Is there any way I can configure logstash so that it picks up delta records real time automatically. If not then is there any opensource plugin/tool available to achieve this? Thanks for the help.
1 Answer
Try the below configuration for the MSSQL server. You need to schedule it like below by adding the schedule period, a statement which would the query to fetch the data from your database
input {
jdbc {
jdbc_connection_string => "jdbc:sqlserver://localhost:1433;databaseName=test"

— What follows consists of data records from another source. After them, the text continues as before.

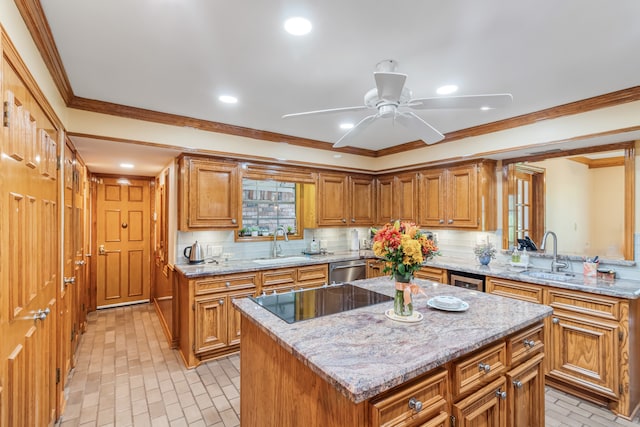 kitchen featuring light stone countertops, sink, ceiling fan, a kitchen island, and decorative backsplash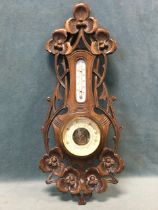 An Edwardian art nouveau walnut framed aneroid barometer, the pierced frame carved with sinuous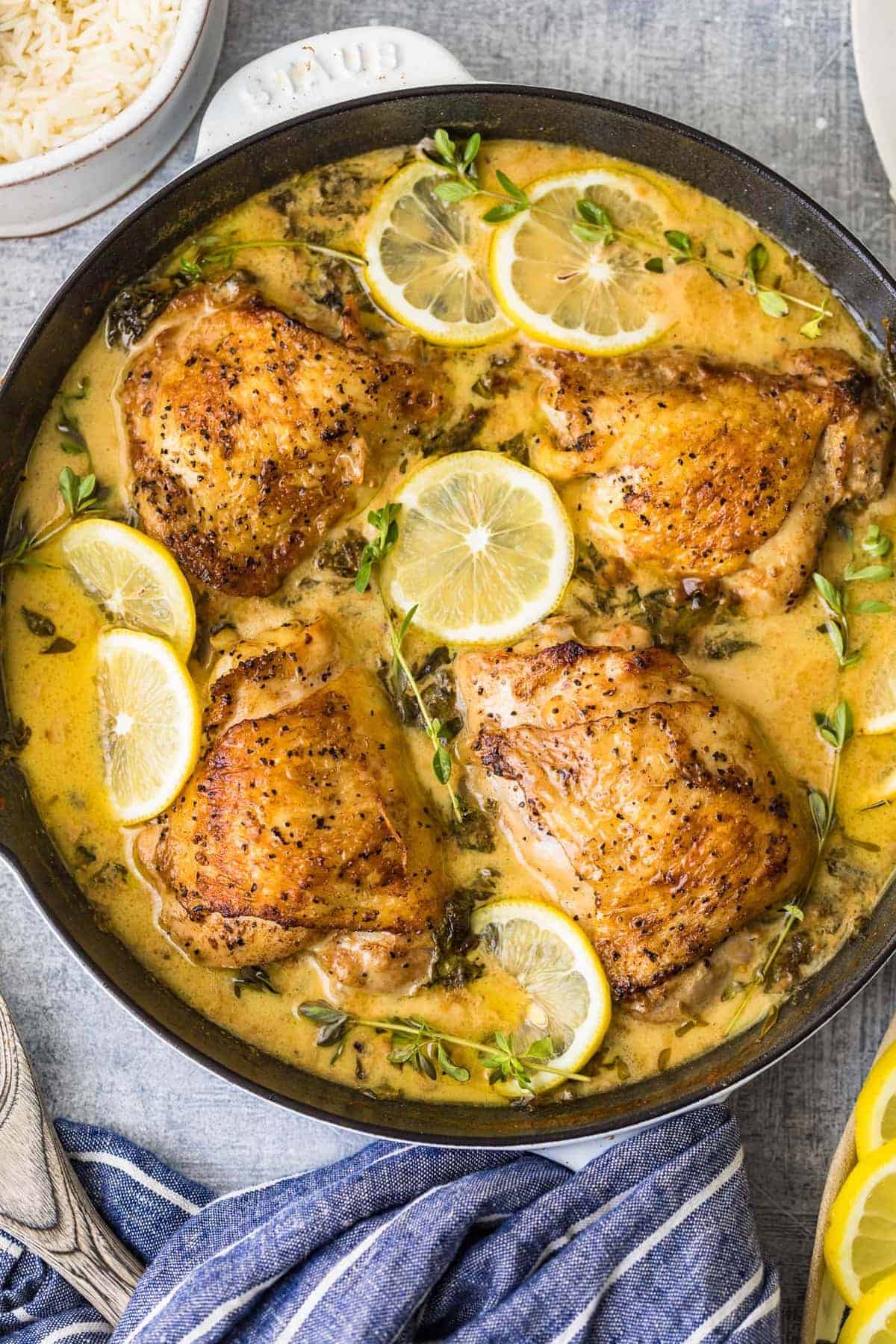 Lemon butter chicken in a skillet garnished with fresh herbs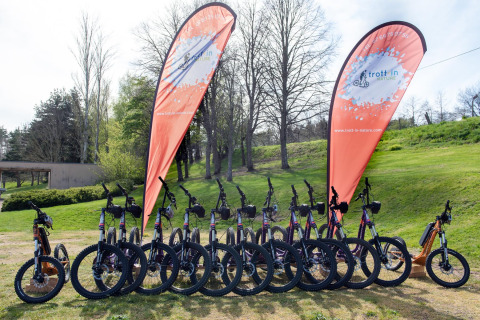 Fila de bicicletas eléctricas delante de dos banderas en Camping Paradis Les Chanterelles, Auvergne-Rhône-Alpes, Francia.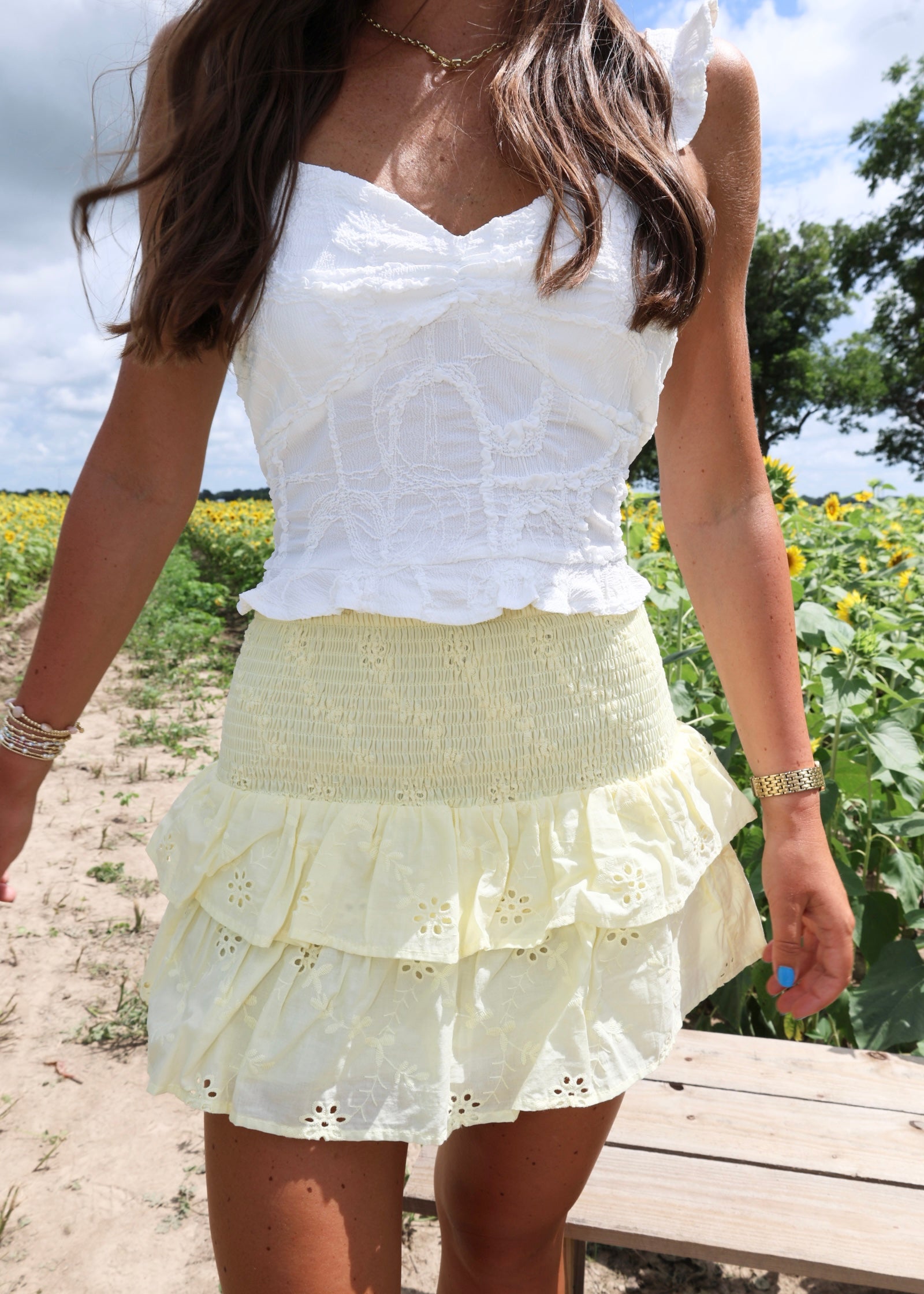 Woman wearing a white top and yellow skirt standing in a field with sunflowers.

# The user we wish to execute our statement as
jdbc_user => "sa"
jdbc_password => "sasa"
# The path to our downloaded jdbc driver
jdbc_driver_library => "C:\Users\abhijitb\.m2\repository\com\microsoft\sqlserver\mssql-jdbc\6.2.2.jre8\mssql-jdbc-6.2.2.jre8.jar"
jdbc_driver_class => "com.microsoft.sqlserver.jdbc.SQLServerDriver"
#clean_run => true
schedule => "* * * * *"
#query
statement => "SELECT * FROM Student where studentid > :sql_last_value"
use_column_value => true
tracking_column => "studentid"
}
}
output {
#stdout { codec => json_lines }
elasticsearch {
"hosts" => "localhost:9200"
"index" => "student"
"document_type" => "data"
"document_id" => "%{studentid}"
}
}
2 Comments
pradyumn
I dont have any primary id in my table. Neither any combination of columns can do so. In this case how would i make sure to insert only new rows in second scheduled run? Aslo, why are we using use_column_value attribute here?